Moving forward, it will be important for the State to balance creating more affordable homes in higher resource areas with making comprehensive investments in lower resource neighborhoods which desperately need them, and preventing displacement from lower resource areas that may become higher resource over time due to gentrification. But the need for action is clear: according to the opportunity maps, 62 percent of affordable homes in large-family new construction developments that have received 9% tax credit allocations since 2003 have been located in “lowest” resource areas—meaning the poorest and most racially segregated neighborhoods in the state[4]—and only seven percent of these homes have been located in “highest” resource areas. We can and should do more to provide a balanced set of choices to low-income families, but we also need to get the incentives right.

[1] Special thanks to Lindsay Rosenfeld for completing this analysis, and to Steven Almazan, and Lindsey Freeland, and Hayley Raetz for their contributions when this project began in spring 2017. All are second year Master of Public Policy students at the UC Berkeley Goldman School of Public Policy.

[2] Chetty, Hendren, and Katz. 2015. The Effects of Exposure to Better Neighborhoods on Children: New Evidence from the Moving to Opportunity Experiment.
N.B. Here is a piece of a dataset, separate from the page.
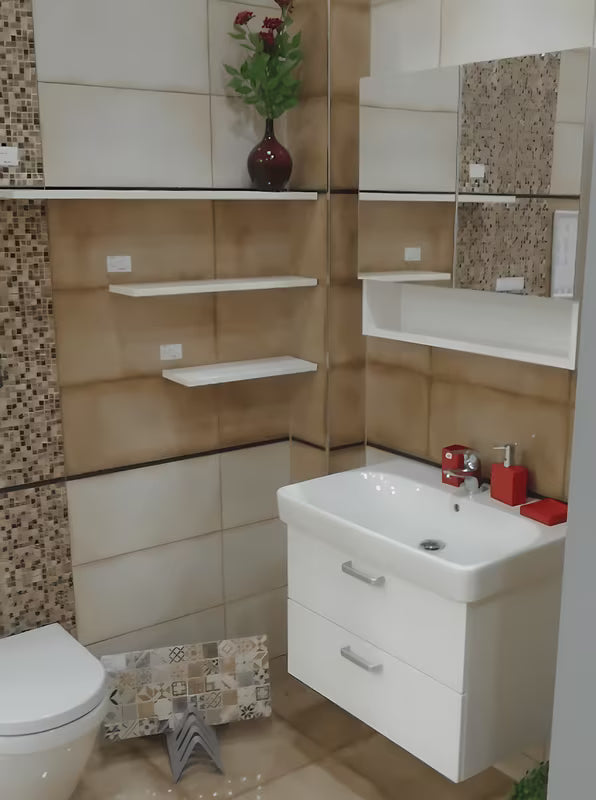 Omarica z Ogledalom Naturel Vario Dekor 75x68,6 cm v mat beli barvi s steklenimi policami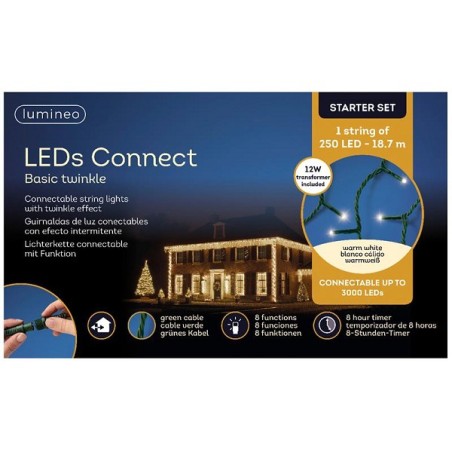 Kit de démarrage de base pour éclairage à brin connectable Lumineo LED's connect blanc chaud 1870 cm - 250 L. Comprend un cordon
The Equality of Opportunity Project. May.

[3] Sanbonmatsu, et al. 2011. Moving to Opportunity for Fair Housing Demonstration Program: Final Impacts Evaluation. Prepared for: U.S. Department of Housing and Urban Development, Office of Policy Development & Research. November.

[4] This concentration of development in lowest resource areas is partly a result of State and local policies and funding decisions that encouraged it.